|Republicans Block Voters in Continuing Effort |
to Stay in Political Power
So reads a press release dated May 2, 2016 by Wisconsin's entire Democratic Party congressional delegation.
Notes the press release:
In a letter to Attorney General Loretta Lynch, the Wisconsin Congressional Democrats urge the Justice Department to conduct a review of Wisconsin’s potentially discriminatory voting requirements to determine whether they are consistent with the Voting Rights Act and federal constitutional protections for the right to vote. The members of Congress also call for a review of all the options available to the Department of Justice, including bringing a legal challenge or intervening in existing litigation. The U.S. Court of Appeals for the Seventh Circuit has ruled that eligible voters facing difficulty obtaining ID have the right to challenge the law as it applies to them. This issue is now back before Wisconsin’s Eastern District court. A separate challenge brought in the state’s Western District is scheduled to go to trial in May.
The two cases in federal court challenging the Wisconsin photo voter ID law are One Wisconsin Institute v. Nichol (United States District Court of the Western District of Wisconsin (Case 15-cv-324—U.S. District Judge James D. Peterson)), and Frank v. Walker, (United States District Court for the Eastern District of Wisconsin (Case No. 11‐C‐01128—U.S. District Judge Lynn Adelman))

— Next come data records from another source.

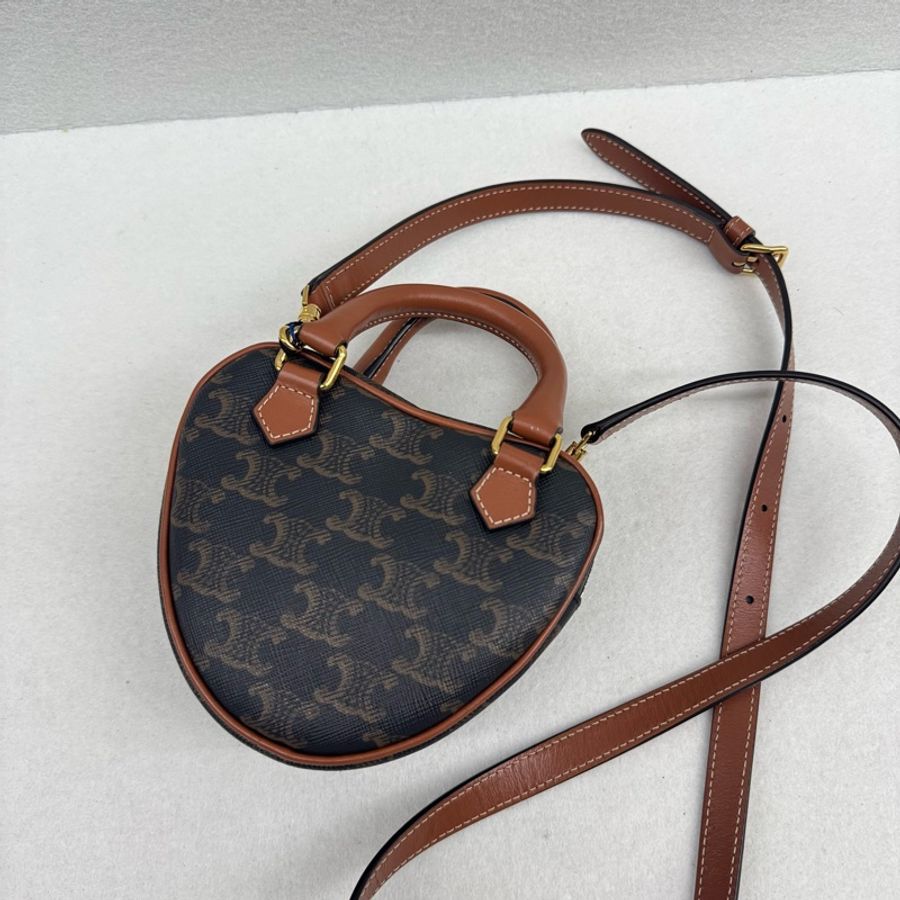 CÉLINE Heart Monogram Triomphe Canvas 凱旋門老花愛心型單肩包-12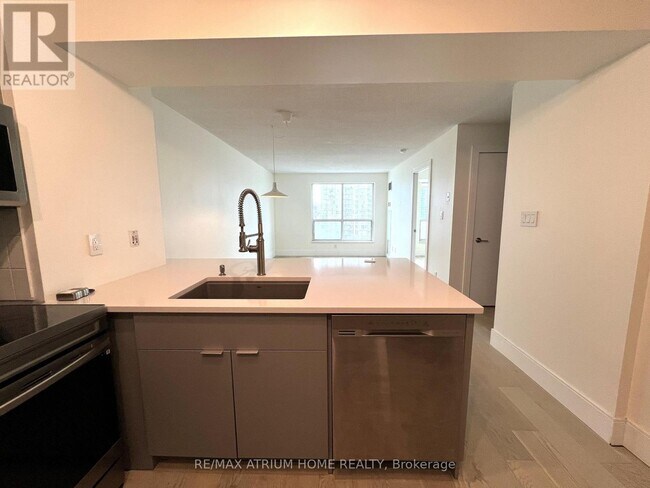Building Photo - 410 Queens Quay W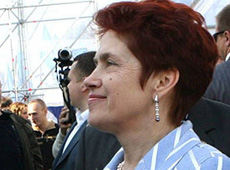 Люся Янукович ходить по магазинах з іншим чоловіком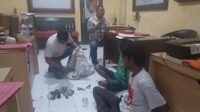 Terduga pelaku Curat di Jember saat diamankan polisi. (ist) - Dua Orang Pencari Barang Rosok Diringkus Polisi Usai Kedapatan Bobol Rumah Kosong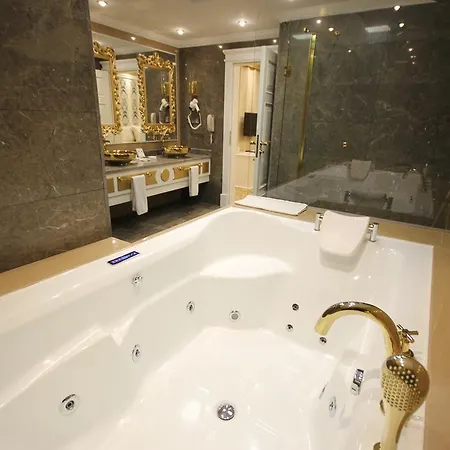 מלון Grand Altuntas 5*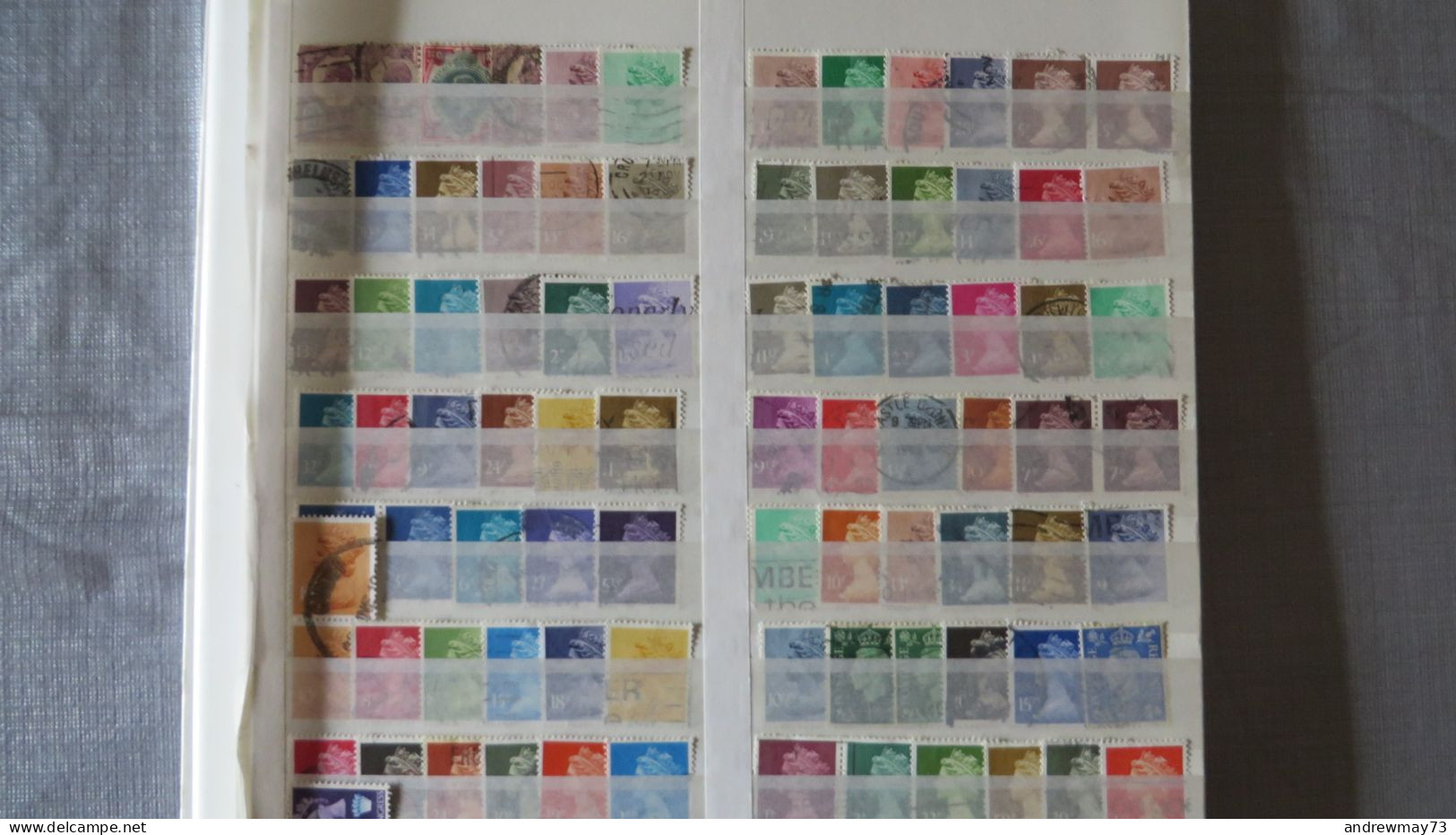 GREAT BRITAIN- 610 DIFFERENT USED STAMPS- SINGLE UP TO 120 £ -BARGAIN PRICE - Verzamelingen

The letter to the U.S. DoJ follows another admission by a national Republican that state voter ID laws are intended to obstruct voters who tend to vote non-Republican, (Graham, The Atlantic).
In Wisconsin U.S. Rep. James Sensenbrenner (R) continues to advocate for state photo voter ID laws while employing a novel pretense to being a champion of voting rights, (Mal Contends).
For a related analysis of Frank v. Walker and this case's status in the Court of Appeals for the Seventh Circuit, see Canning in The Brad Blog, particularly as Canning's piece focuses on Judge Frank Easterbrook and his ruling cited in the Wisconsin Democrats' letter.
Despite the likely encouraging benefits to voters in the new ruling, the new panel decision is, nonetheless, fraught with intellectual dishonesty. 'Plaintiffs now accept the propriety of requiring photo ID from persons who already have or can get it with reasonable effort,' Easterbrook writes, [p.4], 'while endeavoring to protect the voting rights of those who encounter high hurdles.'
Plaintiffs did not accept 'the propriety' of Wisconsin's Photo ID law because they were now convinced by Easterbrook's earlier reasoning. They advanced their alternative theory in this new challenge because they were forced to accept the premise of Easterbrook's earlier controversial panel decision thanks to a legal doctrine known as the law of the case. Once Easterbrook's earlier opinion became final, the plaintiffs could no longer make the argument that Wisconsin's photo ID law violated the Voting Rights Act or the U.S. Constitution per se. They were forced to argue that the specific issues now before the court --- VA identification cards and the rights of voters who could not 'obtain a qualifying photo ID with reasonable effort" --- had not been addressed by the earlier decision.
Easterbrook's mid-April opinion follows his October 2104 opinion in the same case that was heavily criticized by jurists around the nation, and described by Canning as "extraordinarily partisan, factually deficient, [and] riddled with errors ... ."
The bottom line is legislative Republicans want photo voter ID laws to stay in political power, and Republican judges like Frank Easterbrook are perfectly content to throw away their reputations for impartiality and diligence in service to the Republican Party.